This determines the dimension of the DataFrame.

dim(df.raw)

Chart Creation

Selection of color

The hex code for the three main colors used in this poster.

primary_color = '#f4a261'
secondary_color = '#2a9d8f'
bg_color = '#264653'

Pictogram of United States’ Deaths by Climate Disaster Type


df.us.death_by_disaster <- df.raw %>%
  filter(State == 'US', 
         Year < 2020) %>%
  group_by(Disaster) %>%
  summarize(Ten_Death_per_Year = sum(Death)/400) %>%
  arrange(Ten_Death_per_Year)

fill_images <- function() {
  l <- list()
  
  for (r in 1:nrow(df.us.death_by_disaster)) {
    for (d in 1:ceiling(df.us.death_by_disaster$Ten_Death_per_Year[r])) {
      img <- readPNG(file.path(data.path, 'person.png'))
      g <- rasterGrob(img, interpolate = T)
      l <- c(l, annotation_custom(
        g,
        xmin = r-1/2, 
        xmax = r+1/2,
        ymin = d-1, 
        ymax = d))
    }
  }
  l
}

clip_images <- function() {
  l <- list()
  
  for (r in 1:nrow(df.us.death_by_disaster)) {
    l <- c(l, geom_rect(
      xmin = r-1/2, 
      xmax = r+1/2,
      ymin = df.us.death_by_disaster$Ten_Death_per_Year[r], 
      ymax = ceiling(df.us.death_by_disaster$Ten_Death_per_Year[r]),
      color = 'white', fill = 'white'))
  }
  l
}

df.us.death_by_disaster

ggplot(df.us.death_by_disaster, 
            aes(reorder(Disaster, Ten_Death_per_Year), Ten_Death_per_Year)) + 
  fill_images() + 
  clip_images() +
  scale_y_continuous(breaks=seq(0, 20, 2)) + 
  scale_x_discrete() + 
  theme_bw() + 
  theme(legend.position = 'none',
        axis.title.x = element_blank(),
        axis.title.y = element_blank(),
        axis.ticks = element_blank()) +
  coord_flip()

ggsave(file.path(output.path,'pictogram_death_by_disaster.pdf'),
       width = 10, height = 6, units = 'in')

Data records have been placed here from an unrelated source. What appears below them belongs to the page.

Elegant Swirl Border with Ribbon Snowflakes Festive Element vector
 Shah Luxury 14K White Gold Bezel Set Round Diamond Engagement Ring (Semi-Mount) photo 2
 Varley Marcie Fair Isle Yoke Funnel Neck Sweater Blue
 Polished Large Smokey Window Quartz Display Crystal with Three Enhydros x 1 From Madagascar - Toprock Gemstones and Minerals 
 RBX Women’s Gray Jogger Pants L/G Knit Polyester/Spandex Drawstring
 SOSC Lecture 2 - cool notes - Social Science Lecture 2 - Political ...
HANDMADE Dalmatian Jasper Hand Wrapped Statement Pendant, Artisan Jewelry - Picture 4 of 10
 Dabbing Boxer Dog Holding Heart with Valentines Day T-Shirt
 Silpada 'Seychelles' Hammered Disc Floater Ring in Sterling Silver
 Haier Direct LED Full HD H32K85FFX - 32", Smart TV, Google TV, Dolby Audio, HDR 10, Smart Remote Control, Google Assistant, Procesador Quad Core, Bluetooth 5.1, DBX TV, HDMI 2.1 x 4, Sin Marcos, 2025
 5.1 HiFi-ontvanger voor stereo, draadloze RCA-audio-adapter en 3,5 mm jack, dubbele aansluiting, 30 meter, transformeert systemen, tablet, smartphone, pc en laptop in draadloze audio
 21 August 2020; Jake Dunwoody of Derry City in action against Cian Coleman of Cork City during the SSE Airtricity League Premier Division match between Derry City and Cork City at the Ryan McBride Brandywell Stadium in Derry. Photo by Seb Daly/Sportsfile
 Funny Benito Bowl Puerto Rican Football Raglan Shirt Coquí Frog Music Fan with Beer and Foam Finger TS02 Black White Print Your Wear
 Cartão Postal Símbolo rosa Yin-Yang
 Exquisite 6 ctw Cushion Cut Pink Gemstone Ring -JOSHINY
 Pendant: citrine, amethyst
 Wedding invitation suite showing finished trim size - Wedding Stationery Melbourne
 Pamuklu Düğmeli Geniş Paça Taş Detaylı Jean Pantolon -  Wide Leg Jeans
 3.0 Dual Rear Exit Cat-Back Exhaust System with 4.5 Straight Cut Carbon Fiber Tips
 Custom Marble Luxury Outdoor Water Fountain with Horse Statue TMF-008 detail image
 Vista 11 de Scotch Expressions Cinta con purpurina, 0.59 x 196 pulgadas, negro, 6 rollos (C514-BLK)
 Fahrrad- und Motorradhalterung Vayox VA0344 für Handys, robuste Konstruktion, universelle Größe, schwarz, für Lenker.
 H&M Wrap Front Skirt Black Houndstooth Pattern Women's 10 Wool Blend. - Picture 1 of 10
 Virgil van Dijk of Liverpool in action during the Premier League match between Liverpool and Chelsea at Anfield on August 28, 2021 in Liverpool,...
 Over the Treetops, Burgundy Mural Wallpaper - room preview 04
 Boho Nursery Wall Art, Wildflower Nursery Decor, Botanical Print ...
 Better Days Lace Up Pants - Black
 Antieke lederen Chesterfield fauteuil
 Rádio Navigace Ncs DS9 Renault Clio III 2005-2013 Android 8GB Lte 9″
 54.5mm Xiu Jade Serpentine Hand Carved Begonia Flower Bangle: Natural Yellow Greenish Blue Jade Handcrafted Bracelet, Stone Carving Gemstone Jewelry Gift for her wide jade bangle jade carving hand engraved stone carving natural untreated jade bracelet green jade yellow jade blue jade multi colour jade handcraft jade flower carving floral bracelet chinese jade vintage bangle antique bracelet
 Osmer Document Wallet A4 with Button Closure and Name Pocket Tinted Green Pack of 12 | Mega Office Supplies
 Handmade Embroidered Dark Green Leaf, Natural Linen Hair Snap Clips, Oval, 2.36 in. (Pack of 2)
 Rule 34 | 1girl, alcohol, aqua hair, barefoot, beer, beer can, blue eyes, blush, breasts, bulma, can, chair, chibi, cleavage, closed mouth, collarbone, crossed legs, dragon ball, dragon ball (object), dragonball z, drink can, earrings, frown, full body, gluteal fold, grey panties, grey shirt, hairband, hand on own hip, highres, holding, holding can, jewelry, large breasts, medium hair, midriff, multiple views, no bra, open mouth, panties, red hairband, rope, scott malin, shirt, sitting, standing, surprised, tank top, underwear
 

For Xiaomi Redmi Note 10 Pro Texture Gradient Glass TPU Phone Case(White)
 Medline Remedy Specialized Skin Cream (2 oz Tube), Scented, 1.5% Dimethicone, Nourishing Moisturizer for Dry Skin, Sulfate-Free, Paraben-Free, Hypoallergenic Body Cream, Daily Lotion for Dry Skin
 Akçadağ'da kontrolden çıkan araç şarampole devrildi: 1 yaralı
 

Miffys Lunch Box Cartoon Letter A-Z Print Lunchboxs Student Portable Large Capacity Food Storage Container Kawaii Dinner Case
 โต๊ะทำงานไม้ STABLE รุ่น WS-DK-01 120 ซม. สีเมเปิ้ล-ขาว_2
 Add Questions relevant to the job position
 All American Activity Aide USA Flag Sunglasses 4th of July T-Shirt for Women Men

Sunburst Chart of United States’ Frequency of Climate Disasters by Year

df.us.count_by_disaster <- df.raw %>%
  filter(State == 'US', 
         Year < 2020) %>%
  mutate(Year = as.integer(Year)) %>%
  group_by(Year) %>%
  summarize(
    Count = sum(Count)) %>%
  complete(Year = c(1980:2019)) %>%
  mutate(Count = coalesce(Count, 0),
         Decade = as.factor(paste0(as.character(Year - (Year %% 10)),'s')))

empty_bar <- 1
to_add <- data.frame(
  matrix(NA, 
         empty_bar*nlevels(df.us.count_by_disaster$Decade), 
         ncol(df.us.count_by_disaster)))
colnames(to_add) <- colnames(df.us.count_by_disaster)
to_add$Decade <- rep(levels(df.us.count_by_disaster$Decade), each=empty_bar)

df.us.count_by_disaster <- rbind(df.us.count_by_disaster, to_add)

empty_bar <- 13
to_add <- data.frame(
  matrix(NA, 
         empty_bar, 
         ncol(df.us.count_by_disaster)))
colnames(to_add) <- colnames(df.us.count_by_disaster)
to_add$Decade <- first(df.us.count_by_disaster$Decade)

df.us.count_by_disaster <- rbind(to_add, df.us.count_by_disaster)

df.us.count_by_disaster <- df.us.count_by_disaster %>% arrange(Decade)
df.us.count_by_disaster$id <- seq(1, nrow(df.us.count_by_disaster))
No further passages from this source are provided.